Cloudflare Raio and Nimbus2027 log shards

481 views
Skip to first unread message

Luke Valenta

unread,
Jul 30, 2025, 4:17:27 PMJul 30
to Certificate Transparency Policy
Hi folks,

We've launched the following new log shards and submitted them for inclusion to the Chrome and Apple CT programs. More details for these logs are available at https://issues.chromium.org/issues/434895698.

rfc6962:
- nimbus2027

static-ct-api:
- raio2025h2a
- raio2026h1a
- raio2026h2a
- raio2027h1a
- raio2027h2a

The static-ct-api-compatible Raio ('ray-o') logs are deployed on Cloudflare Workers using our open-source Azul implementation. We welcome feedback as GitHub issues or you can reach us at ct-...@cloudflare.com.

We also plan to spin down the cftest2025h1 and cftest2025h2 test logs in the coming weeks.

Best,
Luke

--
Luke Valenta
Systems Engineer - Research

Luke Valenta

unread,
Jul 31, 2025, 9:58:41 AMJul 31
to Certificate Transparency Policy
Hi folks,

The Chrome team identified an integrity violation (missing tiles) in the raio2025h2 log shard (https://issues.chromium.org/issues/434895698#comment8), so we have withdrawn the inclusion request for all raio log shards. We'll give a full report when we understand the root cause.

Best,
Luke

Joe DeBlasio

unread,
Jul 31, 2025, 11:16:24 AMJul 31
to Luke Valenta, Certificate Transparency Policy
As much as I'd would love to claim we noticed, all credit goes to Andrew Ayer for that discovery :-)

--
You received this message because you are subscribed to the Google Groups "Certificate Transparency Policy" group.
To unsubscribe from this group and stop receiving emails from it, send an email to ct-policy+...@chromium.org.
To view this discussion visit https://groups.google.com/a/chromium.org/d/msgid/ct-policy/CAAUDTJgUYYURscKFxDFkz-BAQO4sw-WJjTMwqJEjzvA9%2BzbVJw%40mail.gmail.com.

Luke Valenta

unread,
Jul 31, 2025, 11:26:32 AMJul 31
to Joe DeBlasio, Certificate Transparency Policy
Thanks Andrew! Our CT monitor also detected and logged the issue, but just didn't issue alerts (we'll get this fixed as well).

-Luke

Luke Valenta

unread,
Aug 6, 2025, 12:35:29 PMAug 6
to Joe DeBlasio, Certificate Transparency Policy

Hi folks,


We've identified and fixed the issue in the Azul-based Raio static-ct-api logs that caused missing tiles.

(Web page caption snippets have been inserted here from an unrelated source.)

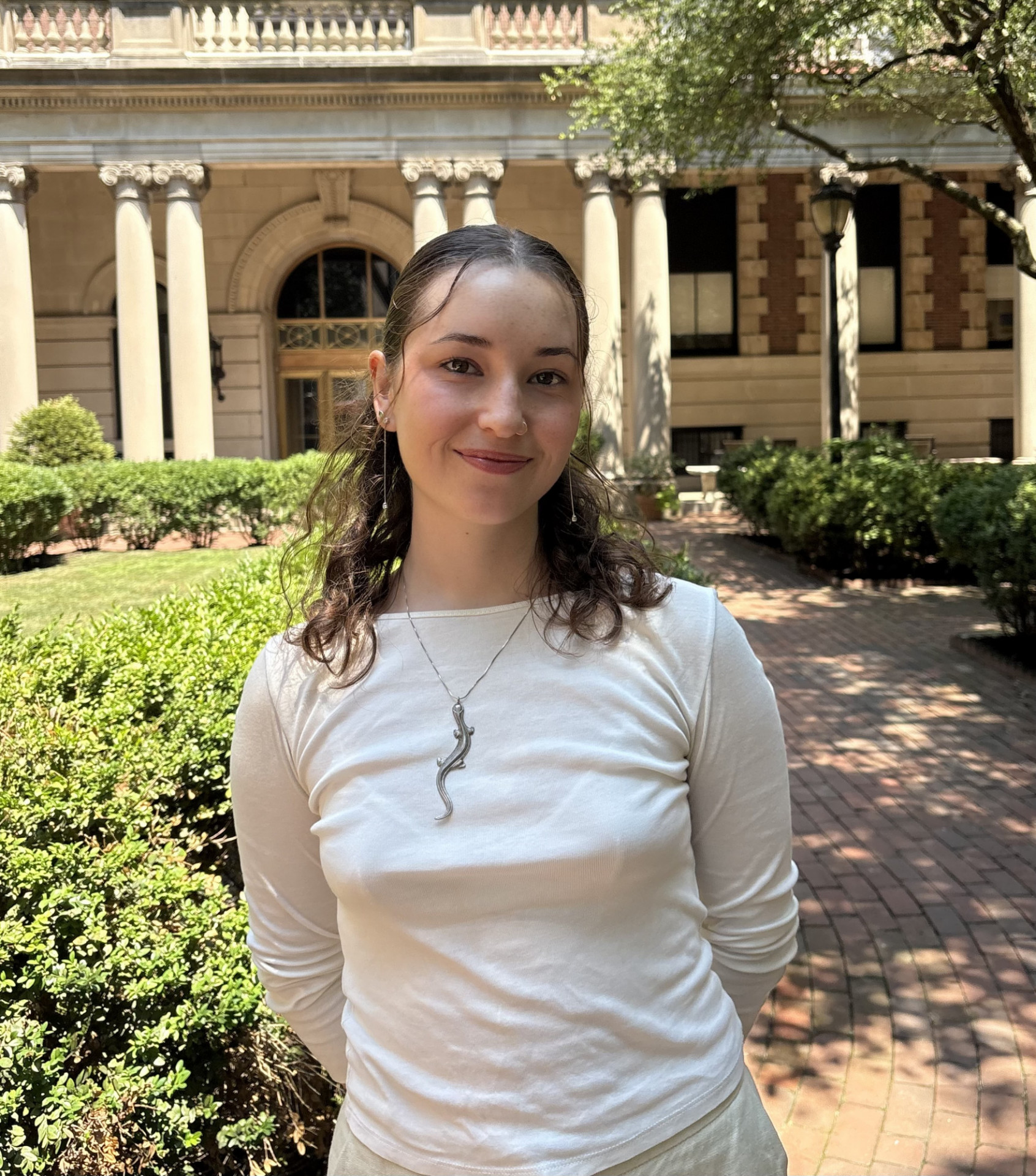 Orla Meehan Orla Meehan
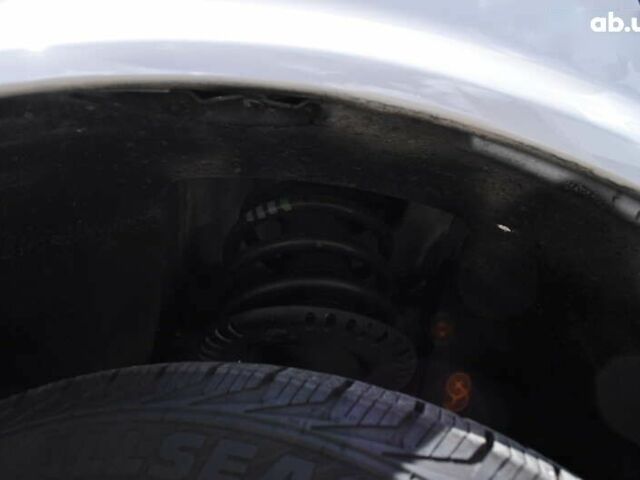 Фольксваген Transporter, объемом двигателя 2 л и пробегом 210 тыс. км за 23800 $, фото 19 на Automoto.ua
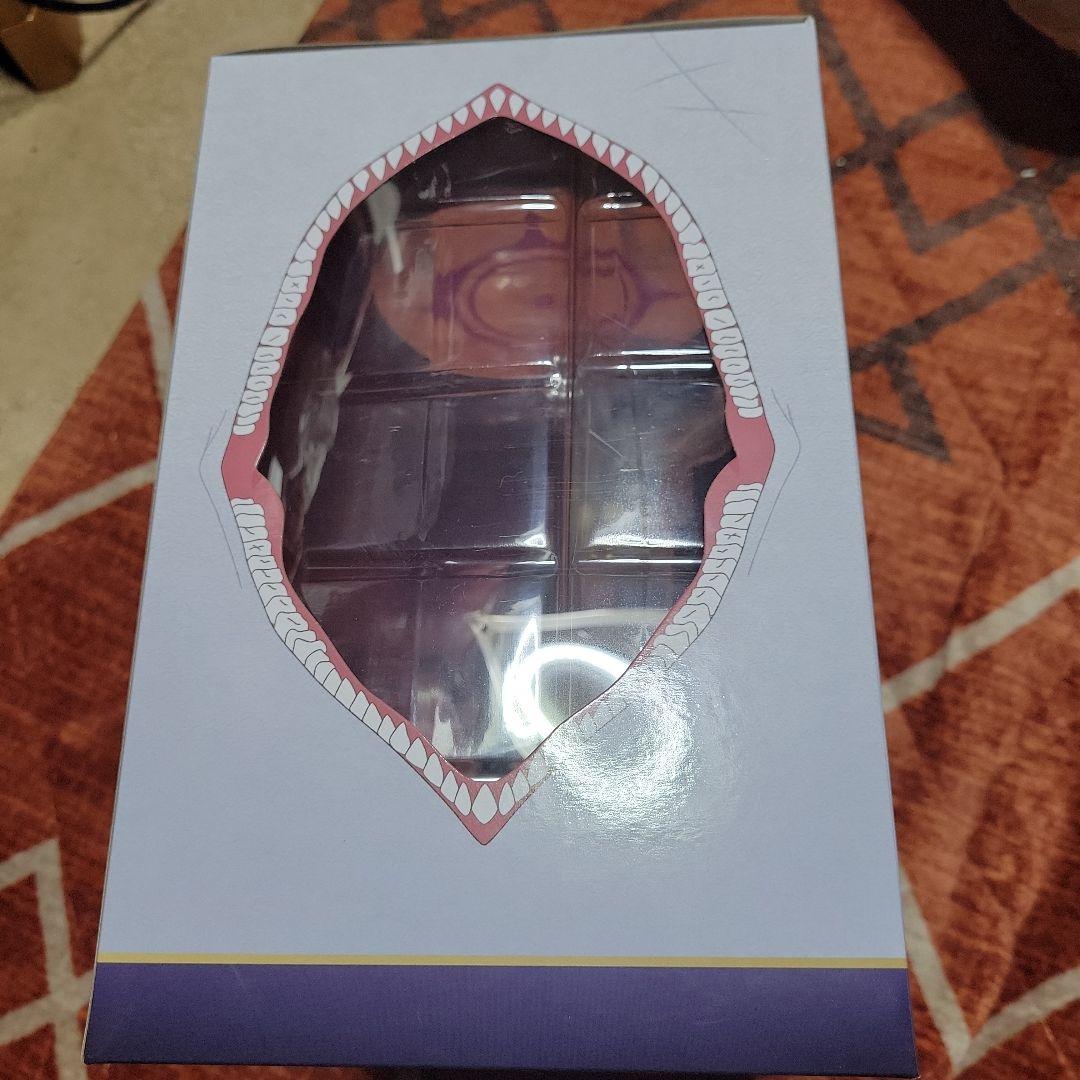 佐藤:ゼロ レム&スバル 白鯨攻略Ver.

A recent refactor (f10355f) introduced the bug by changing how the log recovered from 'fatal' sequencing errors (e.g., failing to write tiles to object storage) that require reloading the log to get back into a good state. After the refactor, the log attempted to immediately reload state after a sequencing failure, but critically did not correctly handle the error if reloading failed as well. This allowed the log to continue in a bad state despite the missing tiles. The fix (d38ccac) is to force the log to reload before the next sequencing operation so that the recovery mechanisms kick in.


Thus, the bug could be triggered by two transient failures when writing or reading to object storage. The regression quickly surfaced for the raio2025h2a log shard at 2025-07-30T10:24:00Z (approximately 18 hours after submitting the inclusion request to the Chrome and Apple CT programs), resulting in missing tiles and an irrecoverable integrity violation. We subsequently withdrew the inclusion requests.


Timeline:


[2025-07-21T13:01Z] Bug introduced in commit f10355f.

[2025-07-28T16:17Z] Raio log shards deployed.

[2025-07-28T17:42Z] Start monitoring Raio log shards with CT monitor

[2025-07-29T13:40Z] Start adding artificial load on test logs with entries from equivalent Tucscolo logs.

[2025-07-29T16:37Z] Submit Raio logs shards for inclusion in Chrome and Apple CT programs.

[2025-07-30T10:24Z] Bug triggered for raio2025h2a log shard.

[2025-07-30T11:11Z] Bug detected by Cloudflare ct-monitor as 404 error message (no alerts fired)

[2025-07-31T13:14Z] Missing tiles reported by Google.

[2025-07-31T13:48Z] Inclusion requests withdrawn.

[2025-08-05T12:13Z] Bug fix merged in commit d38ccac.

[2025-08-05T14:07Z] Bug fix deployed for all Raio log shards. Raio2025h2b launched to replace Raio2025h2a.


As the fix is now in place, we will resume the inclusion requests for the following log shards, with raio2025h2b replacing raio2025h2a as that was the only log shard for which the bug triggered.


What went poorly:

- Existing tests were insufficient to catch the regression in the log's safe recovery mechanisms. The library itself has tests for safe recovery, but the bug was in the application code calling the library. Adding end-to-end tests of the full application with built-in network fault injection could have helped to surface the issue sooner.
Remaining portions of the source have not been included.